The drop of a song may consist of a fuller bass, an affected vocal line, swelling atmospheric synthesizers, layered leads, hard-hitting drums, and white noise. The drop is the loudest portion of an EDM song. Buildup and verses are frequently utilized to bring focus to the drop. This is exemplified in "This is What You Came For", as the drop consists of a catchy vocal sample of the previous lyric "you" chopped up and heavily processed to create a repetitive and enchanting melody. This is complemented by a bass vox, layered house synths, and a high-hat focused drum beat. At the climax of the song, the drop in EDM diverges from the notions of pop songs that are vocal-heavy, and shifts it onto the electronic sounds.

=== Live mixing ===
Drop mixing is a transition technique which involves a sudden switch from one song to the next. There are two ways in which this can be done: "dropping on the one", where the transition occurs at the beginning of the bar, and "dropping at the four", where the transition occurs at the end of the bar. DJs use this technique at the location of the drop: the build-up of one song transitions into the break of another song. This abrupt change in melody or tempo can be used to draw the audience's attention to the performance. A similar drop technique commonly seen in trap and dubstep performances is drop swapping, where the build-ups of two songs are simultaneously played and then swapped at the climax.

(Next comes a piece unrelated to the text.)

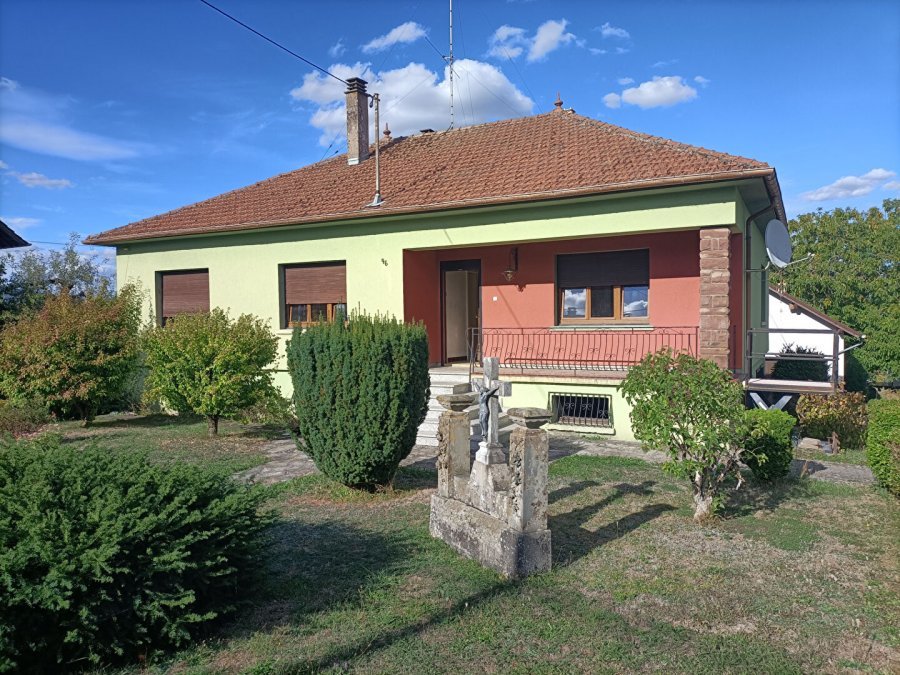 Maison à vendre, 131m², Enchenberg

== Suggested physical effects ==

=== Effects on the brain ===
The brain commonly interprets music through predictions and recognition of melodic patterns. This does not apply to a drop as it subverts musical predictability. For this reason, different regions of the brain can be stimulated more than others during a drop.

According to one study during the pre-drop, the precentral gyrus and postcentral gyrus, whose functions are related to the recognition of tempo, pitch, rhythm and intensity, show the highest level of activity. Activation in this area correlates with the formation of emotions such as tension and anticipation. A large amount of activity in the PreCG and the PostCG during the pre-drop thus reflects the listener experiencing these emotions ahead of the climax.

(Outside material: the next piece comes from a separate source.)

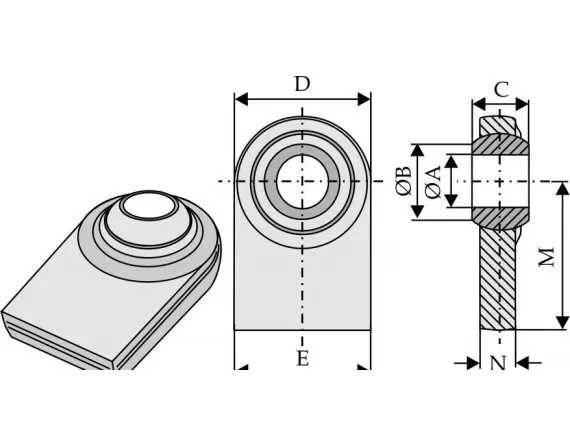 main product photo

=== Effects on the body ===
The body's natural reaction to music is movement, mainly by means of dancing to the beat of the song. These include head and hip movements, tapping feet, and waving arms. The effects that music has on the brain stimulates the listener's tendency to dance, so a large objective of a DJ's performance is to exploit this phenomenon. In a group setting, strong musical elements such as bass lines can cause an interpersonal synchronization response where the pleasure created from music is transported to the collective movement of people. Dancing in a group can create changes in behavior, enhancing social bonds between group members and generating relaxation and euphoria.

In an EDM drop, each component of the break routine creates a different intensity peak as they vary in structure and instrumentation.